On the 1st November we commenced making a yard for the horses and, having got the assistance of two of the carpenters, we commenced to shoe the horses. On the 4th I got a passage in the barge to H.M.C.S. Victoria, which was stationed at the distance of seven miles from the mouth of this river, to consult with yourself respecting the plan to be pursued in the search for Mr. Burke and his companions, and to express my earnest desire to have rations at the Albert River depot to make a second expedition by the route which Mr. Gregory and I agreed to as the most likely way to find traces to follow Mr.

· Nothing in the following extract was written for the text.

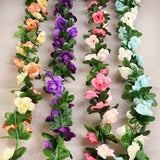 1pcs 240cm Wisteria Artificial Silk Rose Flowers Ivy Vine Green Rattan Garland for Wedding Decoration Home Garden Supplies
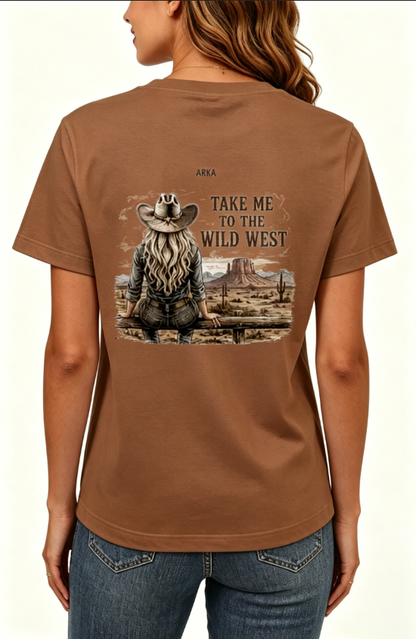 Women’s Custom Vintage Graphic Print Short Sleeve T-Shirt, Light Brown & Creamy Apricot Retro Casual Basic Tee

Burke and his companions—namely by skirting the desert, and passing, as near as the country would admit of my doing, to their starting-point, and also to go to a place on the Bowen Downs (a well-watered country) to seek for a continuation of tracks seen by Messrs. Cornish and Buchanan, which they thought were made by a South Australian party, at a point rather less than 300 miles towards the Gulf of Carpentaria from Burke’s depot on Cooper’s Creek.
On the 6th instant we left the Victoria together (as you are aware) for the depot on the Albert River, and that evening after nine hours boating reached our destination.
On the following morning, having proceeded up the river on the previous day, reached the junction of the Barkly with the Albert River, near which we found the tree marked by Mr. Gregory and Captain Chimmo, the former on the left and the latter on the right bank; afterwards having marked lines of trees, and marked on trees directions to lead the exploring parties to the depot, we returned to it.
On the 15th, intending to start tomorrow on the inland expedition, I had all the horses, in number twenty-three, brought up, the two weak ones having died since our arrival at the Albert River, besides the five I mentioned as having died on the voyage. We saddled and packed a few of the wildest of the horses* to make them more tractable tomorrow, when I hope, as I have mentioned, to start on our journey.